Jim: Ganz im Gegenteil. Nachhaltigkeit ist für INEOS sehr wichtig. Sie ist Bestandteil aller unserer Aktivitäten. Wir sind nicht die Art von unternehmen mit einer großen Zentrale, die permanent ‘Nachhaltigkeit’ kommuniziert. Wir erwarten von jedem Geschäftsbereich und jedem Mitarbeiter, dass dieses Konzept als Teil des täglichen Geschäfts verstanden wird.
Ich kann mich erinnern – ich bin ja nicht mehr ganz jung –, dass vor etwa 40 Jahren der Ölpreis bei $2 lag (das entspräche ca. $10 in der heutigen Zeit) und Energie insgesamt billig war. Heute und in den letzten Jahren liegt der Preis weltweit bei ca. $110. Deshalb herrscht großer Druck, den Energieverbrauch zu senken und energiesparende Produkte zu erzeugen. Ein gutes Beispiel dafür ist die Effizienzverbesserung unserer Anlagen. Wir investieren in leistungsfähigere Wärmetauscher. Wir verbessern die Zuverlässigkeit und reduzieren den Fackelbetrieb. Wir machen unsere öfen effizienter. Dadurch fällt unser Energieverbrauch erheblich. Und die Produkte, die wir herstellen, bieten der Gesellschaft auch erhebliche Vorteile.
Produkte wie expandier bares Polystyrol zum Beispiel. Wir bieten eine spezielle Version für die Gebäudeisolierung unter dem Namen EPS Silver an. Es ist eine besondere Form von EPS mit einer im Vergleich zu Standardprodukten um 20% verbesserten Energieeffizienz. Das ist nur ein Beispiel für die herstellung von Produkten, die positiv für eine nachhaltige Entwicklung sind. Im Durchschnitt werden für jedes Kilogramm emittierten Kohlenstoffs aus der Produktion von Chemikalien zwei Kilogramm Kohlenstoff bei deren Verwendung eingespart.
Tom: INEOS spricht oft über die Bedeutung guter Nachbarschaft. Warum ist das so wichtig für die Nachhaltigkeit des Unternehmens?

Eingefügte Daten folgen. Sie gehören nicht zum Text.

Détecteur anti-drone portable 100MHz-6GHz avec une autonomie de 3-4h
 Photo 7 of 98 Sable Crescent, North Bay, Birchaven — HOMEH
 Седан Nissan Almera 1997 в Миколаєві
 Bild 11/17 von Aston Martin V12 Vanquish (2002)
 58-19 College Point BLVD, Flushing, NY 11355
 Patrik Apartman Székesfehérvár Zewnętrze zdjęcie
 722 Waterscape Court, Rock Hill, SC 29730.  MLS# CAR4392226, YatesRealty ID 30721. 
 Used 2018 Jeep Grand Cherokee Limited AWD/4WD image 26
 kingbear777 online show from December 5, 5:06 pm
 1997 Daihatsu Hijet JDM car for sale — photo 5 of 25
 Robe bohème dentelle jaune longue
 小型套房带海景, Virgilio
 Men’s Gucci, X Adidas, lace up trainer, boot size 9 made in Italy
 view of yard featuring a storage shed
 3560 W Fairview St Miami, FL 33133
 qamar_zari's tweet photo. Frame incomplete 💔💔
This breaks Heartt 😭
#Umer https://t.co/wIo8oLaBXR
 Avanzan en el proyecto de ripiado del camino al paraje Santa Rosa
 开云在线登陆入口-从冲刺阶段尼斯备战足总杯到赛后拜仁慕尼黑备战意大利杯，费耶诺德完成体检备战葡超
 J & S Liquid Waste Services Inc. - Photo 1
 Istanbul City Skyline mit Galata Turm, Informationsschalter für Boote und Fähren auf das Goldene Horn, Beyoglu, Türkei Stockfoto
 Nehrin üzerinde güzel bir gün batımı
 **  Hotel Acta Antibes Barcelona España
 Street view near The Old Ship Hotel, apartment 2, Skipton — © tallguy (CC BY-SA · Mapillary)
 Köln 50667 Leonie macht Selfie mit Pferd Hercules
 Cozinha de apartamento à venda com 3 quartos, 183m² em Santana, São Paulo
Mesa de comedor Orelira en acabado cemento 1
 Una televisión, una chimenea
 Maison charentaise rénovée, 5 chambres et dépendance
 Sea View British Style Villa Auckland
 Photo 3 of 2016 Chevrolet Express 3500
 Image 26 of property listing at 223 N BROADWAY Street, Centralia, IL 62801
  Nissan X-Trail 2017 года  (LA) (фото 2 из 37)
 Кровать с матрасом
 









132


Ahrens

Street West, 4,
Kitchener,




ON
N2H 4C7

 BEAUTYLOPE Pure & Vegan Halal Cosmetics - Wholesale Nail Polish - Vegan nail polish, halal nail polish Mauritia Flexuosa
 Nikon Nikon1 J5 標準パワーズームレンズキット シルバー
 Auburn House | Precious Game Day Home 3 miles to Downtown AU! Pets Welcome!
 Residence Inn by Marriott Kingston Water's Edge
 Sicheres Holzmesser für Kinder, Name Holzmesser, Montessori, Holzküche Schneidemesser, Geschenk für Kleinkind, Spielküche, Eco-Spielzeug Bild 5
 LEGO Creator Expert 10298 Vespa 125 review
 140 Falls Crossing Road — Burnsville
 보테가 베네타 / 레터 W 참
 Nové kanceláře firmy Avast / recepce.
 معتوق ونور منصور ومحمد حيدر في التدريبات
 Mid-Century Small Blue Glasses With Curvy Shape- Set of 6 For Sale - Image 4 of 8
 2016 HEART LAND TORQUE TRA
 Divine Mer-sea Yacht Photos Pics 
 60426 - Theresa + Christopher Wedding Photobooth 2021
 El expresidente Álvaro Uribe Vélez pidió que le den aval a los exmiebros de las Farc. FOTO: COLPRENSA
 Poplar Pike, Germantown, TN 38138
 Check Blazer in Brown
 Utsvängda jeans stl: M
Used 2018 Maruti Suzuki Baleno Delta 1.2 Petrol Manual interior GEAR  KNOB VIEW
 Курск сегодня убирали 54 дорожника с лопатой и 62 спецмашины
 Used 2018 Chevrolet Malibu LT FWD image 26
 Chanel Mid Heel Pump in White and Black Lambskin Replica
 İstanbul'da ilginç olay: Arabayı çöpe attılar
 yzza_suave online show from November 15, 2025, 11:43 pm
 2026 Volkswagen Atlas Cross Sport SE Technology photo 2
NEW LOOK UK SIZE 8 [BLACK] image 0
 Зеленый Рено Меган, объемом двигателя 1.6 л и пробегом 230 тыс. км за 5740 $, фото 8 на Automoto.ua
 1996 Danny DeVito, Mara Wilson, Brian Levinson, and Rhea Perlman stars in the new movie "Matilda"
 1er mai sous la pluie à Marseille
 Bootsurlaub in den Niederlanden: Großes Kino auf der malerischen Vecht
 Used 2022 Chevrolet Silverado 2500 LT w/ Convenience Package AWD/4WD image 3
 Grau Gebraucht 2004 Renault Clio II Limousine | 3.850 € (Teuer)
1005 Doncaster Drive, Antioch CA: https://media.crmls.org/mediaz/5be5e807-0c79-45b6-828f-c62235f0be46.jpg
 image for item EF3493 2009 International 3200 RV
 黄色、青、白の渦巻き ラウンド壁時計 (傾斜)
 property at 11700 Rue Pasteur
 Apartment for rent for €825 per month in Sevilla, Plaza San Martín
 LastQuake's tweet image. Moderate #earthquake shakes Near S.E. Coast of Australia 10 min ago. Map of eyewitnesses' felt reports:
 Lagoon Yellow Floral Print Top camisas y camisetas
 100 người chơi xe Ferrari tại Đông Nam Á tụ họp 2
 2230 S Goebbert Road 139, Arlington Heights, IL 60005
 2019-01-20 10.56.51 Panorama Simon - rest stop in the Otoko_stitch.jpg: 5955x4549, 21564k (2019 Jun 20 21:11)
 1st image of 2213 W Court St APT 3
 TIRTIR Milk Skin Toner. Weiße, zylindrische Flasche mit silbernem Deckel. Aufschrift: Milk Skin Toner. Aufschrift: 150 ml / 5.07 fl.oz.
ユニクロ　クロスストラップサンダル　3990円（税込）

Jim: Es ist in vielerlei Hinsicht wichtig. Wir müssen Vertrauen und ein gutes Verhältnis zu unseren benachbarten Gemeinden pflegen. Ein Grund ist natürlich, dass wir eine Menge Leute an unseren Standorten beschäftigen, die in den benachbarten Gemeinden leben. Es ist sehr wichtig, bezüglich der Aktivitäten an unseren Standorten transparente Verhältnisse zu schaffen. Ein gutes Beispiel sind Sicherheit und Umwelt. Beides ist für uns sehr wichtig. Wenn wir das richtig hinbekommen, haben unsere Nachbarn Vertrauen in uns. Wir nehmen Sicherheit, Gesundheit und Umweltschutz auf höchstem Niveau sehr ernst. Wir haben 15 Geschäftsbereiche und treffen uns alle ein bis zwei Monate zu Vorstandssitzungen. Zu Beginn jeder Sitzung besprechen wir Arbeits- und Anlagen-Sicherheitsthemen sowie die Einflüsse auf die Umwelt. Und ich freue mich, dass das vergangene Jahr bezüglich unserer Sicherheitsleistung eines der besten in der Geschichte von INEOS war, was genauso für die Auswirkungen auf die Umwelt gilt. Daher denke ich, dass wir der Gemeinschaft und uns selber Gutes tun, wenn wir an diesen Themen arbeiten. Wir fuhren auch an vielen Standorten Treffen mit Gemeindevertretern durch, so dass die Menschen vor Ort genau wissen, was in den benachbarten Betrieben vor sich geht.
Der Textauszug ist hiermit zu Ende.